Ho Chia-Hsing | ホー・ジァシン

『二色心經 HEART SUTRA twice』も般若心経の本なんですか?

  ええ。この本は僕が自主的にやっているレーベルでつくった本です。出版社の縛りがない分、実験的な試みもしやすい。題材探しからすべて自分で手がけているので、個人の創作や作品に近いですね。この中にも般若心経に関係したものがあります。

般若心経の「眼耳鼻舌身意」(人間の感覚器官と意識による認識のこと。般若心経はそれらの認識に実体がないと説く)を、僕なりの解釈を加えた本で、目や耳など各項目ごとに詩と絵を入れています。なぜこれが目で、なぜ鼻がこういう表現になるのかと聞かれても説明が難しいんですが、イラストレーションが重なっていく感じは、般若心経に対する僕の心象風景なんだと思います。

この『二色心經』にあるような幾何学模様や直線、記号が重なっているイラストレーションも何さんが描いているんですか?

  はい。この本は僕が35歳の時につくって、今から5年くらい前になりますが、当時こうした感じの絵をよく描いていたんです。この本自体は薄くて小さい本ですが、デザインに対する考えを凝縮した一冊なので、30代前半の集大成とも言えるかな。『二色心』というタイトルの「二色」に掛けて二色刷りにしました。袋とじの中に色の印刷が隠れています。
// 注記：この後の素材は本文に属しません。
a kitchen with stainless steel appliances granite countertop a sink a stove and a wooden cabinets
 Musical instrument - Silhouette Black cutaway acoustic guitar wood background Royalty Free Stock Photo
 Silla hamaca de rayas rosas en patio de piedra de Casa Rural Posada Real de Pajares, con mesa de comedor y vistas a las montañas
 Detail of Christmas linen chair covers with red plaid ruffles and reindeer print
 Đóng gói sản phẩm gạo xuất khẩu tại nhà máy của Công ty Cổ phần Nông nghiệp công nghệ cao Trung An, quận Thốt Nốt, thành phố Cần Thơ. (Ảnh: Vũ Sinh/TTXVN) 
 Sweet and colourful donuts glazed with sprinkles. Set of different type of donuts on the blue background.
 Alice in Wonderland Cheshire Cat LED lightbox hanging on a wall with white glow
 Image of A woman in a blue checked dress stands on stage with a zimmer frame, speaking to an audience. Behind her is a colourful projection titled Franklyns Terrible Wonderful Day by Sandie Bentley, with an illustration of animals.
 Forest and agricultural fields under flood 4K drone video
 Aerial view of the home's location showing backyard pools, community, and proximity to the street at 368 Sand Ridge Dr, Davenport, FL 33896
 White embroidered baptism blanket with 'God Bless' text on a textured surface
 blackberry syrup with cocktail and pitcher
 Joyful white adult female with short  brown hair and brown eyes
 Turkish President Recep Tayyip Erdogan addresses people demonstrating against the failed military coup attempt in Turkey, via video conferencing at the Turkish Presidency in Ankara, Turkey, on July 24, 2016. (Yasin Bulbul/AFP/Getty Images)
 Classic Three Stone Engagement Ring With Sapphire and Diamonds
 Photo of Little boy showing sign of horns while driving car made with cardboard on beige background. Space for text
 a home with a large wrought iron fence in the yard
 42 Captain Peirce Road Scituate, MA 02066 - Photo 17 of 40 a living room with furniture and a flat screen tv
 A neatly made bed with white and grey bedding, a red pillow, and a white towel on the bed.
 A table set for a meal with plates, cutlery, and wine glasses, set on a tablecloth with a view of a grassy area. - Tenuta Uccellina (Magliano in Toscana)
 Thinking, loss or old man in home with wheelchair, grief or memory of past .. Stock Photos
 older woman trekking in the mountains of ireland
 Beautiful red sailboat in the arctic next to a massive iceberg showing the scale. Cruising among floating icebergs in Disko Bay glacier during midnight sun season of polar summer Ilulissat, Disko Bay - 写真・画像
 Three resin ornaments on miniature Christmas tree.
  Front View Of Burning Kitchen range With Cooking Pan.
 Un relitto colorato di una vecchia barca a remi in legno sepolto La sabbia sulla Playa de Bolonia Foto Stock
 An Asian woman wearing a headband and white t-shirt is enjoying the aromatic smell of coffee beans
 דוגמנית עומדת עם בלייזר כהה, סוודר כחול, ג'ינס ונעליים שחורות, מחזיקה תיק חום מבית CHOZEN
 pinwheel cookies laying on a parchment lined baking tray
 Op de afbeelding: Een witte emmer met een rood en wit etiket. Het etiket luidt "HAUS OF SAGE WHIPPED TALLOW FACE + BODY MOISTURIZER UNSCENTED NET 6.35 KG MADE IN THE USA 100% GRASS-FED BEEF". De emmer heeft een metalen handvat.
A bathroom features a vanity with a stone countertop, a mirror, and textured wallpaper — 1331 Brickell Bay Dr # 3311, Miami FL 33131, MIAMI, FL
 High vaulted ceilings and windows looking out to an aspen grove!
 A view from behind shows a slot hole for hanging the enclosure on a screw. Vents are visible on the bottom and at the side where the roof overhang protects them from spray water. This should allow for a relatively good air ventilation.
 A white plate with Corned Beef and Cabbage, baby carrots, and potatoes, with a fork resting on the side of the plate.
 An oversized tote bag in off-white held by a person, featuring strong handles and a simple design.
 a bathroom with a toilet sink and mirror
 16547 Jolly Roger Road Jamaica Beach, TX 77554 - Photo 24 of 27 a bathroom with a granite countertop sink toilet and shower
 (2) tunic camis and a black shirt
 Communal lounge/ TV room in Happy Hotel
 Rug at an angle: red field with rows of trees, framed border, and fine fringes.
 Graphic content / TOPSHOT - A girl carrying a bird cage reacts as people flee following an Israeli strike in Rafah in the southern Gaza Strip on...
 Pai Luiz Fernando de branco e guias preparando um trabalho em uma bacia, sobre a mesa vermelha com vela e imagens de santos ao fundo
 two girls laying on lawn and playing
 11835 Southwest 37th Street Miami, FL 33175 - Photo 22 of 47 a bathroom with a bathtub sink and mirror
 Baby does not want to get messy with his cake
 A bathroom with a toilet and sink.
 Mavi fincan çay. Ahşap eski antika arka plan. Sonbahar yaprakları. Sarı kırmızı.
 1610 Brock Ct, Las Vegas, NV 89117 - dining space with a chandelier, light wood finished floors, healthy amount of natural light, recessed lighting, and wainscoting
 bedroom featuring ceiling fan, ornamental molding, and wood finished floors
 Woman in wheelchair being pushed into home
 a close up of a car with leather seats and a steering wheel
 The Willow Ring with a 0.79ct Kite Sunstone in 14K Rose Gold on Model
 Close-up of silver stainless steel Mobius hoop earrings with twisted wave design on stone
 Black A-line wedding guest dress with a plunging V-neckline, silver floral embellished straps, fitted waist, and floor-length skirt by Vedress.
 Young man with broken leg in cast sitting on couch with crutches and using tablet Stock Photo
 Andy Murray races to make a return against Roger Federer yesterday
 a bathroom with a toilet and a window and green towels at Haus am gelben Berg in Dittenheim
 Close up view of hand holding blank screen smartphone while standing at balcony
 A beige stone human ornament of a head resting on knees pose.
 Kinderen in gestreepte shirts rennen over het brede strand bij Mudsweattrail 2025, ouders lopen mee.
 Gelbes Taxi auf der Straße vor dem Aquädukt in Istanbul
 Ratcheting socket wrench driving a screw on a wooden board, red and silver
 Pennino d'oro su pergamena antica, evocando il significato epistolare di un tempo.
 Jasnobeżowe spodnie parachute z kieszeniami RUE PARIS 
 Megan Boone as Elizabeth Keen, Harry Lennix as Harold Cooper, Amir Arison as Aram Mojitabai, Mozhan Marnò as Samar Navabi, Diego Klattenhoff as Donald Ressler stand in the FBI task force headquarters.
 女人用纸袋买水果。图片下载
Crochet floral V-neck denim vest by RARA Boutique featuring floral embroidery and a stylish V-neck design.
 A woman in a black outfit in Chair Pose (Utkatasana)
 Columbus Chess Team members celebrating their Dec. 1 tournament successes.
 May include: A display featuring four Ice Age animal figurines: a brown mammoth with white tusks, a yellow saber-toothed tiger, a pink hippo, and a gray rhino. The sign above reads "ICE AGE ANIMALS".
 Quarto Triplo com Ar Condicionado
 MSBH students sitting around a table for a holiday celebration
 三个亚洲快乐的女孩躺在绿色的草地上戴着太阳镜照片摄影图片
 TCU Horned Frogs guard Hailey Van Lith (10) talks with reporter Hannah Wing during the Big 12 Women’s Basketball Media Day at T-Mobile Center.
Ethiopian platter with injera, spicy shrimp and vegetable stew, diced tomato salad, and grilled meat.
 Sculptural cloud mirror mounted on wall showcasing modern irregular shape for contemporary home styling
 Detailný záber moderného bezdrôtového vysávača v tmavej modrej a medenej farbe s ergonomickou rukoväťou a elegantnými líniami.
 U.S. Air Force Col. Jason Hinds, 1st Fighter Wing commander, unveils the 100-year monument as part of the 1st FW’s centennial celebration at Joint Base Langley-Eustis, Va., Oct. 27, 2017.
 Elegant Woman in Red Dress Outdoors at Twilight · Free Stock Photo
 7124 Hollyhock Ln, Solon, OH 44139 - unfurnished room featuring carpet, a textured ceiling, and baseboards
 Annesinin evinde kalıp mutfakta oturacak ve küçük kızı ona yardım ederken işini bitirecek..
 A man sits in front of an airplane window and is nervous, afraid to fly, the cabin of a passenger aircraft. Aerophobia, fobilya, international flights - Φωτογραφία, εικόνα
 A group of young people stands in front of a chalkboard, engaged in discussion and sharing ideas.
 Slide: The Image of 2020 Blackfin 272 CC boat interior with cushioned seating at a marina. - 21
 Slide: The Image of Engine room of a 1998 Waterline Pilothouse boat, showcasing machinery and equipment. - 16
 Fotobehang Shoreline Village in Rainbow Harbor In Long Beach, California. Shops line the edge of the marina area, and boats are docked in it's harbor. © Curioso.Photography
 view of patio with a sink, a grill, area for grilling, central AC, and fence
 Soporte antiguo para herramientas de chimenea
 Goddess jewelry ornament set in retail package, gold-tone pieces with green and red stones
仏教の「二色」というのは、人間を人間たらしめるもの、人間のあり方と事象の成り立ちを二元論で解釈している言葉なんです。例えば、精神(自覚、自己意識、意識の活動)と外界(五塵、五境)との関係がそうです。なので、内の色(眼耳鼻舌身意)と外の色があると。

あと、経文の文字が45度傾いて組まれているのは、数珠を数えるように文字を追って読むためです。文字を数珠玉に見立て、一文字一玉といった具合に、念仏を唱えていくんですよ。

般若心経に関する本はざっとこんな感じです。他の作品でも、般若心経の英文を抜粋してデコレーション的に取り入れることもありますね。現代的なデザインにアジアの伝統文化との融合させるように心がけています。自分たちが受け継いできたものとか、日常生活に潜む民俗的なものをデザインとして形にしたい。般若心経は仏教におけるバイブルでもあるけれど、特別な読み物というよりは、日々読まれている庶民的なものだと僕は思っています。